Auf der Seyidli-Brücke im südöstlich von Zentral-Dersim gelegenen Kreis Mêzgir (Mazgirt) wurde der Leichnam von Angehörigen Doğans und zahlreichen Trauergästen empfangen. Auf einer Strecke von etwa zwanzig Kilometern hielten türkische Polizei und Gendarmerie den Konvoi mehrmals an und schikanierten die Trauergemeinde. Mehrere Personen sind durch den Beschuss von Tränengas und aus Wasserwerfern leicht verletzt worden. Unter den Protestierenden befindet sich auch der HDP-Abgeordnete Alican Önlü.

Wer war Aysel Doğan?

Aysel Doğan ist 1953 in Dersim geboren und engagierte sich in ihrer Jugend für die verfassungsrechtliche Anerkennung der kurdischen Identität. Nach ihrem Studium arbeitete sie als Lehrerin. Zur Zeit des Militärputsches von 1980 wurde sie diverse Male festgenommen und gefoltert. Sie war jahrelang ohne Gerichtsverhandlung inhaftiert. Insgesamt verbrachte sie siebzehn Jahre im Gefängnis.

1991 kandidierte Aysel Doğan als unabhängige Politikerin in Dersim für einen Sitz im türkischen Parlament. Obwohl sie die meisten Stimmen in der Region erhielt, scheiterte ihr Werdegang als Abgeordnete am Wahlgesetz. Aufgrund ihrer Aktivitäten in Dersim geriet sie ins Visier des JITEM und bekam Morddrohungen. Daraufhin verließ sie die Türkei und ging nach Deutschland, wo sie sich weiter politisch im kurdischen Befreiungskampf engagierte.

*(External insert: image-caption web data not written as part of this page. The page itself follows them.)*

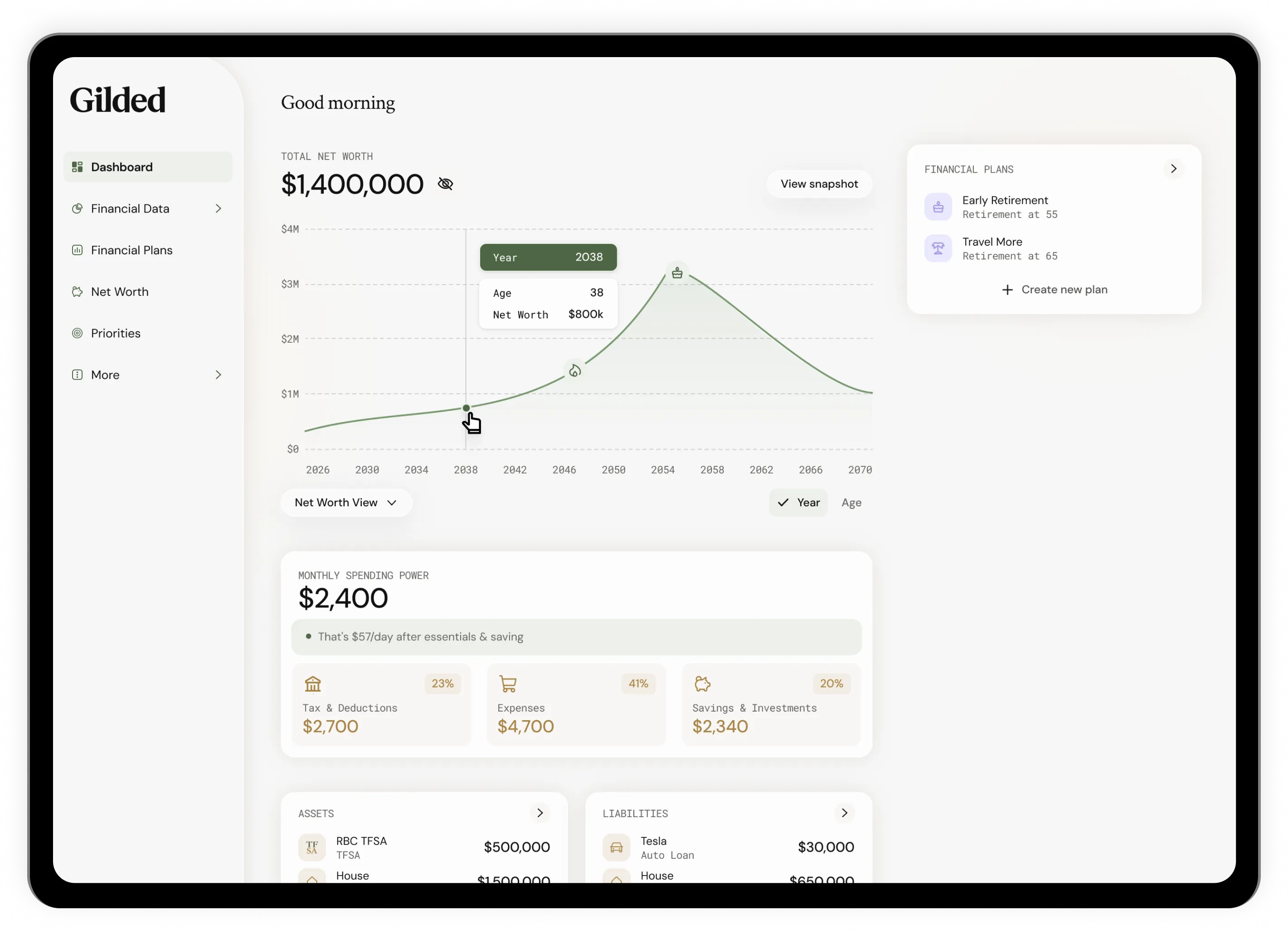 Gilded app dashboard on tablet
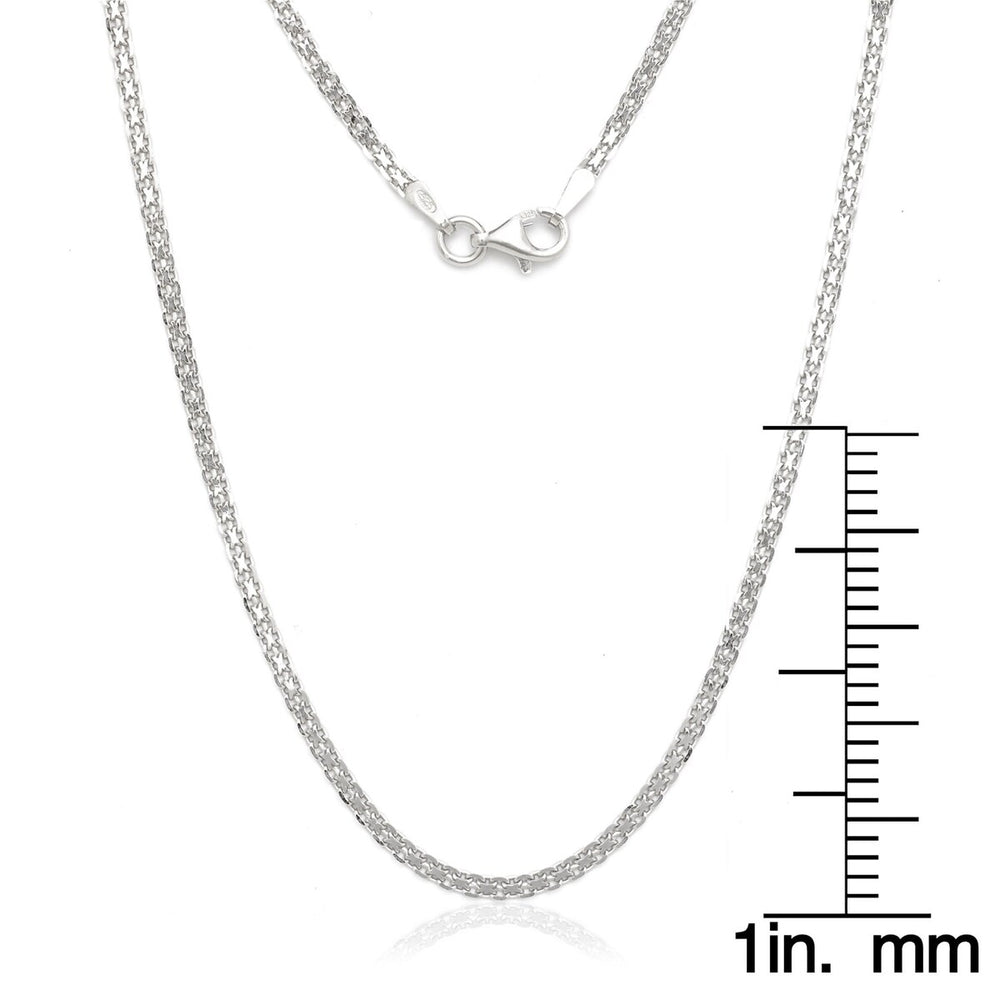 Curata Italian Sterling Silver Rhodium 2mm Bismark Chain Necklace - White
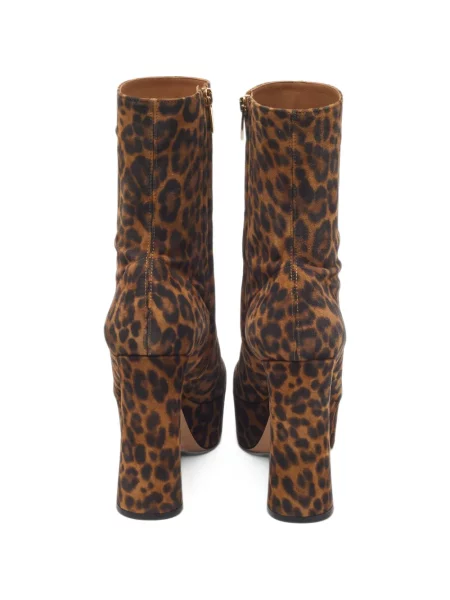 Cizme scurte Gianvito Rossi cu imagine cu model leopard maro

1999 reiste Aysel Doğan im Zuge des von Abdullah Öcalan auf der Gefängnisinsel Imrali angeregten Prozesses für den Beginn von Friedensverhandlungen als Mitglied der Friedensgruppe aus Europa in die Türkei. Bei der Einreise wurde sie verhaftet und zu zehn Jahren Freiheitsstrafe verurteilt. Nach ihrer Entlassung 2009 kehrte sie nach Dersim zurück und gründete dort eine alevitische Akademie. Der Verein setzte sich mit Glaubensfragen und der alevitischen Kultur auseinander und unternahm vielfältige Aktivitäten für den Erhalt des Ökosystems und der heiligen Stätten in Dersim.

2011 wurde Aysel Doğan im Rahmen der „KCK-Operationen“ erneut verhaftet und zu 18 Jahren Gefängnis verurteilt. 2012 nahm sie an einem Massenhungerstreik gegen die Isolation von Abdullah Öcalan teil. 2014 wurde ihr Verfahren neu aufgerollt und 2015 wurde sie aufgrund ihrer fortschreitenden Krebserkrankung aus dem Gefängnis in Amed freigelassen. Sie ging zurück nach Dersim und setzte ihre dortige Arbeit bis zur Ausreise nach Deutschland fort.